Negotiation is the Intersection of Sales and Law

Today Wednesdays for Women is another in our occasional series titled “Lessons from Leaders” featuring learnings from JDA leaders on topics of interest to anyone seeking insights and experiences that can help them grow their own leadership skills.  In today’s blog, Vicky Marco, global account director and member of the JDA Winning Leadership program, shares what she learned about the art of negotiation when it comes to sales.

Hebe Doneski started her career with JDA’s legal team when the company only had 1,200 employees (as compared to now with more than 4,600!).  At that time, the legal department did a mere 30 contracts a quarter.  She moved from the legal team in 2015 to start the first ever JDA Global Deal Desk.  The Global Deal Desk is the “life line” for sales representations when they have questions about complex deal structures, pricing and other miscellaneous items related to sales opportunities.  They interact with many different areas of the company to help progress sales opportunities forward.  I met with her to discuss how her background in law has lent incredibly well to sales, as she believes the intersection of sales and law is negotiation. These are some of the things she believes are crucial to success when it comes to negotiation.

Establish trust

I don’t think I knew what I was getting into when I went to law school.   I learned in my undergraduate years while doing some volunteer work that lawyers were trusted people that help people.  Trust is an important value, and being a trusted advisor was important to me.  That’s really what it comes down to; you must establish trust in order to succeed in a role that requires negotiation.

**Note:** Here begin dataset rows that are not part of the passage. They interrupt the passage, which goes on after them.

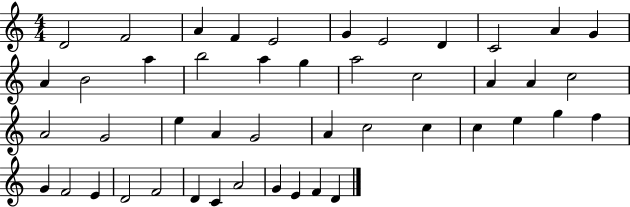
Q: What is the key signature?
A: C major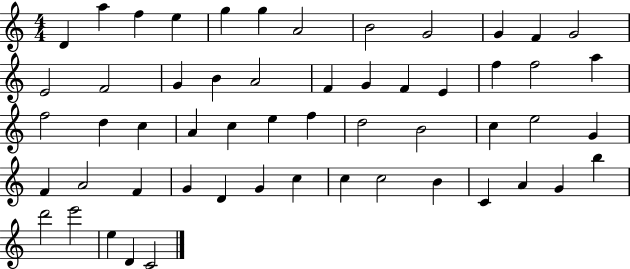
{
  \clef treble
  \numericTimeSignature
  \time 4/4
  \key c \major
  d'4 a''4 f''4 e''4 | g''4 g''4 a'2 | b'2 g'2 | g'4 f'4 g'2 | \break e'2 f'2 | g'4 b'4 a'2 | f'4 g'4 f'4 e'4 | f''4 f''2 a''4 | \break f''2 d''4 c''4 | a'4 c''4 e''4 f''4 | d''2 b'2 | c''4 e''2 g'4 | \break f'4 a'2 f'4 | g'4 d'4 g'4 c''4 | c''4 c''2 b'4 | c'4 a'4 g'4 b''4 | \break d'''2 e'''2 | e''4 d'4 c'2 | \bar "|."
}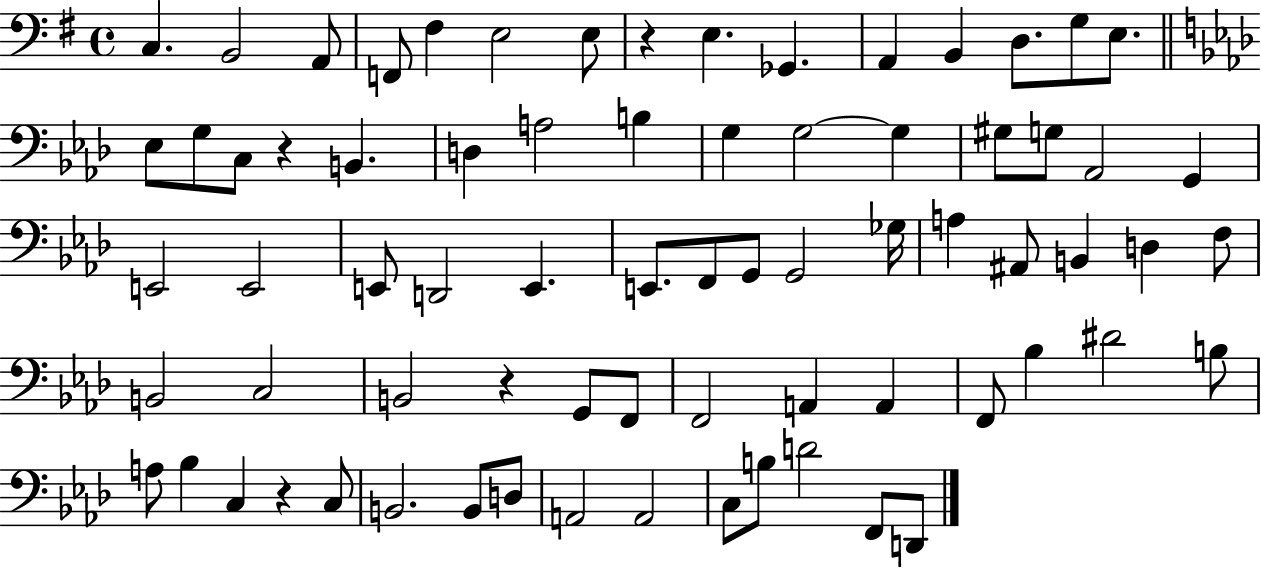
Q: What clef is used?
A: bass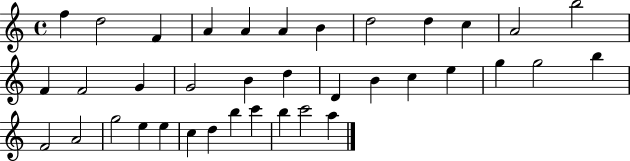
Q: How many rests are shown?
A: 0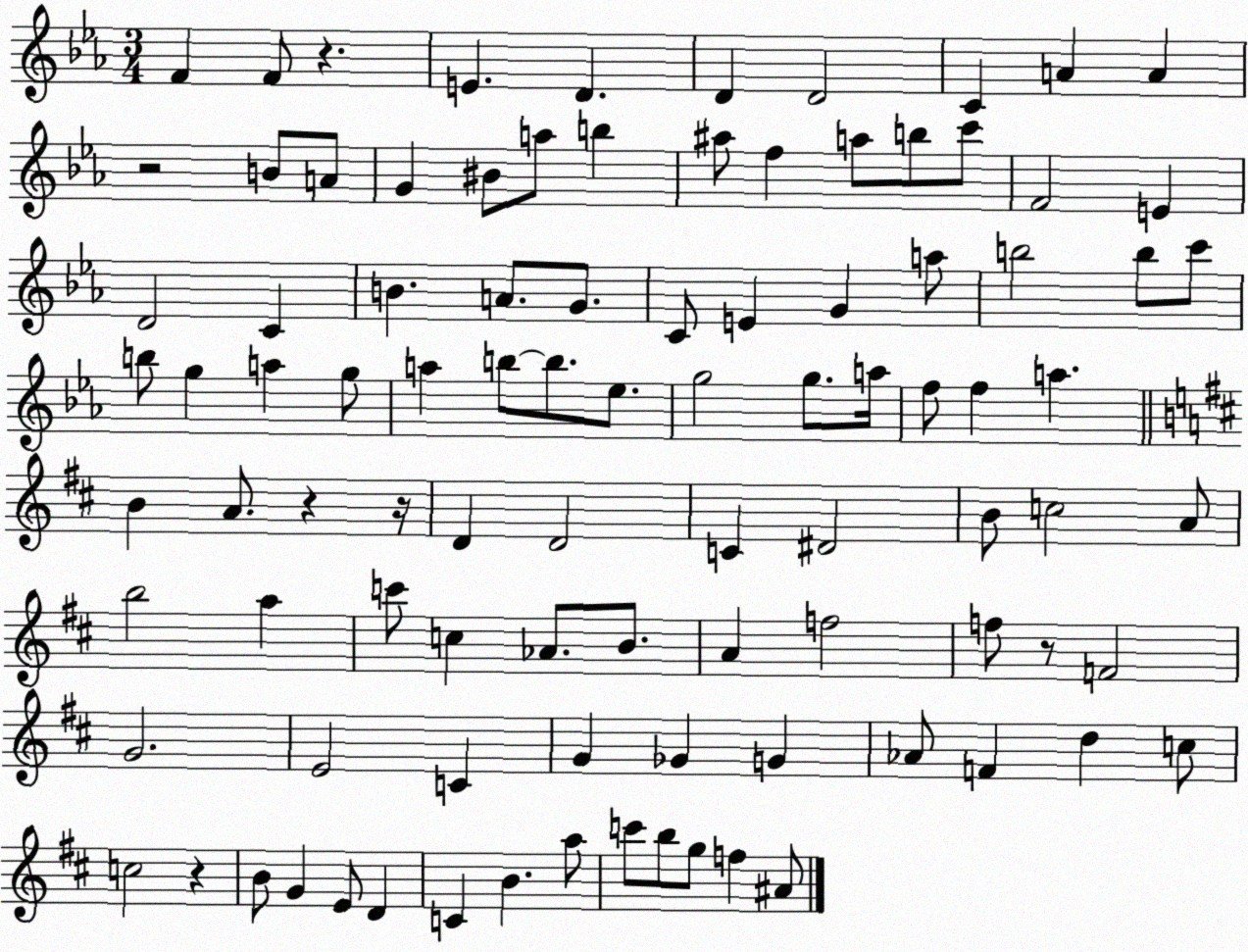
X:1
T:Untitled
M:3/4
L:1/4
K:Eb
F F/2 z E D D D2 C A A z2 B/2 A/2 G ^B/2 a/2 b ^a/2 f a/2 b/2 c'/2 F2 E D2 C B A/2 G/2 C/2 E G a/2 b2 b/2 c'/2 b/2 g a g/2 a b/2 b/2 _e/2 g2 g/2 a/4 f/2 f a B A/2 z z/4 D D2 C ^D2 B/2 c2 A/2 b2 a c'/2 c _A/2 B/2 A f2 f/2 z/2 F2 G2 E2 C G _G G _A/2 F d c/2 c2 z B/2 G E/2 D C B a/2 c'/2 b/2 g/2 f ^A/2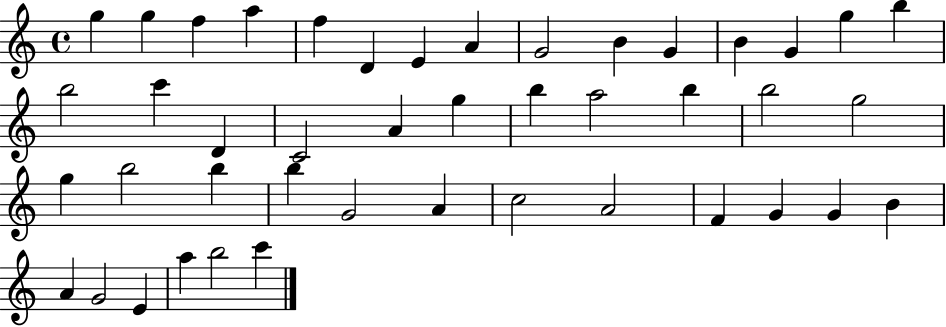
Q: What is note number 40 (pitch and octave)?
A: G4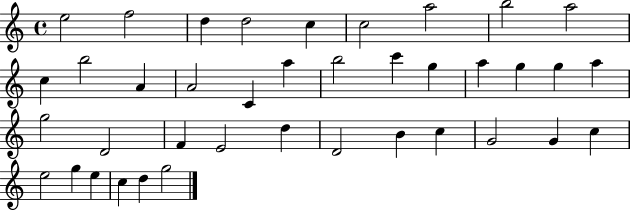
{
  \clef treble
  \time 4/4
  \defaultTimeSignature
  \key c \major
  e''2 f''2 | d''4 d''2 c''4 | c''2 a''2 | b''2 a''2 | \break c''4 b''2 a'4 | a'2 c'4 a''4 | b''2 c'''4 g''4 | a''4 g''4 g''4 a''4 | \break g''2 d'2 | f'4 e'2 d''4 | d'2 b'4 c''4 | g'2 g'4 c''4 | \break e''2 g''4 e''4 | c''4 d''4 g''2 | \bar "|."
}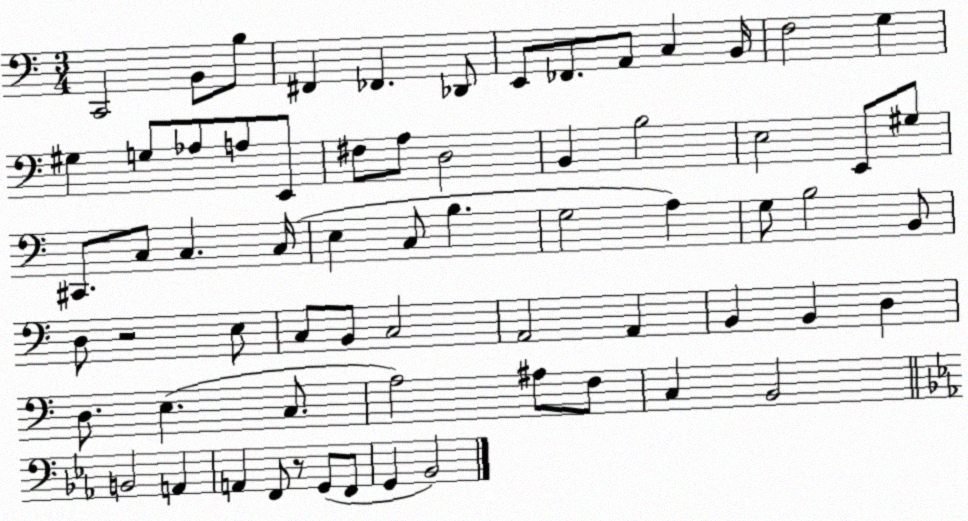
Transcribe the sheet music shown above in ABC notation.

X:1
T:Untitled
M:3/4
L:1/4
K:C
C,,2 B,,/2 B,/2 ^F,, _F,, _D,,/2 E,,/2 _F,,/2 A,,/2 C, B,,/4 F,2 G, ^G, G,/2 _A,/2 A,/2 E,,/2 ^F,/2 A,/2 D,2 B,, B,2 E,2 E,,/2 ^G,/2 ^C,,/2 C,/2 C, C,/4 E, C,/2 B, G,2 A, G,/2 B,2 B,,/2 D,/2 z2 E,/2 C,/2 B,,/2 C,2 A,,2 A,, B,, B,, D, D,/2 E, C,/2 A,2 ^A,/2 F,/2 C, B,,2 B,,2 A,, A,, F,,/2 z/2 G,,/2 F,,/2 G,, _B,,2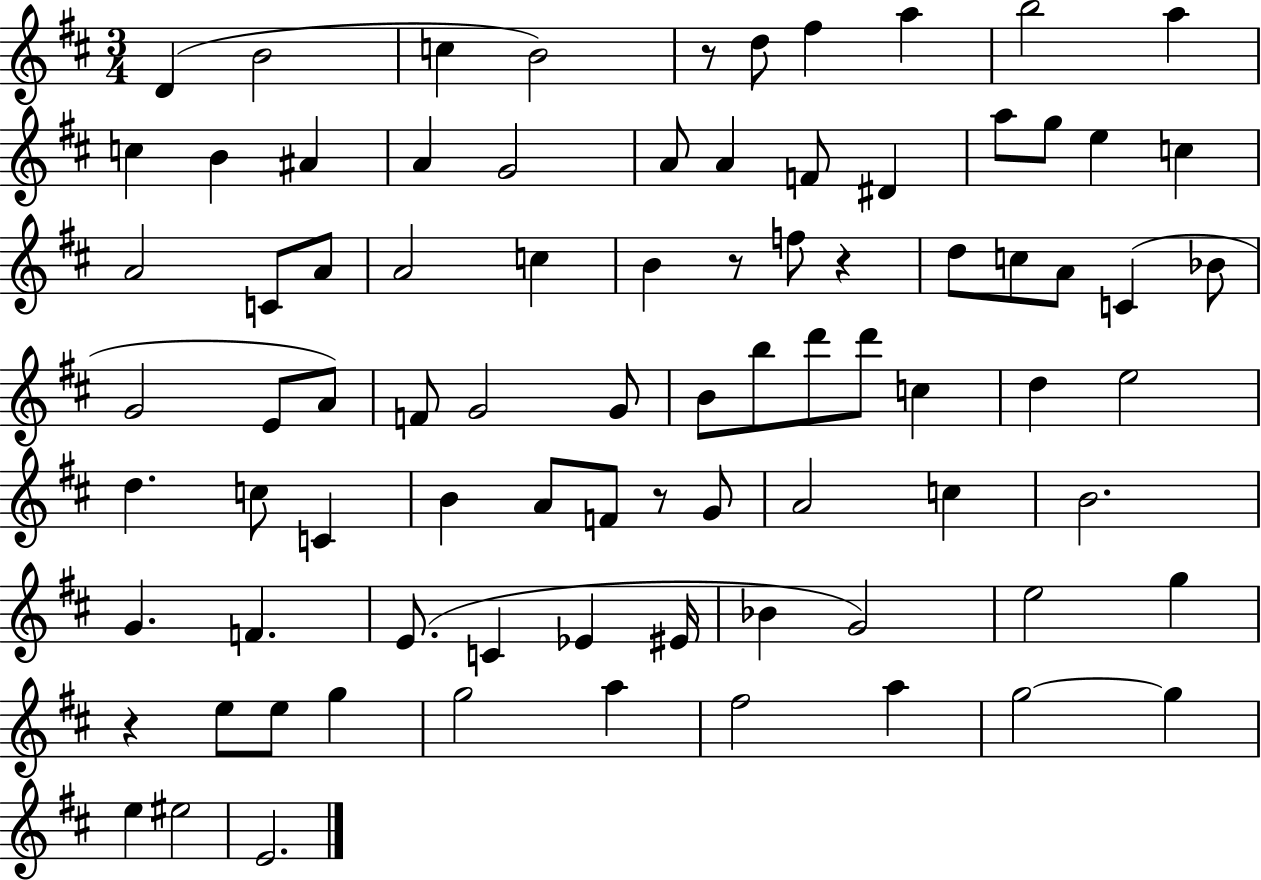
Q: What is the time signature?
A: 3/4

Negotiation is the intersection between law and sales

I have always liked negotiation.  The intersection between sales and law is negotiation.  I realized since leaving a legal function that a lot of what I was doing was not really law.  It was dealing with business sense, strategy, and tactics of how to get deals done, which is what I am doing now.

Try to understand the other side to get past disagreements

One key to successful negotiation lies in trying to understand the other side, hear the objections of both sides and hear the hidden agenda.  You’ve heard the expression, “nobody ever got fired for buying Oracle.”  One person may have an objection that has nothing to do with the conversation, like “fear of being fired.”   To the extent that you can hear those hidden objections, versus the words coming out of their mouths, you can help navigate opposing sides to a common ground.

Understand when to cut bait

Sometimes issues are what I call “religious” issues with no rational reason, and identifying those issues can help you drive a resolution.  An example of this is when our customers want to own intellectual property rights to our deliverables.  They believe since they are paying for something, they should own it. That’s not necessarily a rational reason, but they believe in it very strongly.  If you can find a way to identify religious objections it helps inform your negotiation strategy.  Sometimes it’s just a matter of being honest in order to stop an endless debate.  You may say, “we will never agree to do that so let’s find other areas where we can agree,” or recognize that it is time to walk away.  Or you may conclude that the person is not going to budge on that topic, so you look for areas of common ground instead.

Stand behind your beliefs

I worked at a law firm with a partner that had been a stockbroker prior to entering law.  He had this philosophy when it came to standing for your beliefs and decisions.  He taught me that if you had a good reason for doing what you did, but you made a mistake, to apologize for how you made the person feel, not for what you did.   He taught me that it’s okay to make a well-reasoned mistake as that’s how you develop and grow.

Don’t worry about what you can’t control

People tend to dwell on things they can’t control.  Another good piece of advice that I received early in my career is to remember that if someone is being adversarial or difficult to deal with, that it’s almost never about you.   This is especially true in a deal setting where there is pressure and can be confrontation.   If someone is yelling or being aggressive towards you, it’s almost always about them and something they don’t have control over.  The more you can remember that in a high-conflict position, the happier you will be.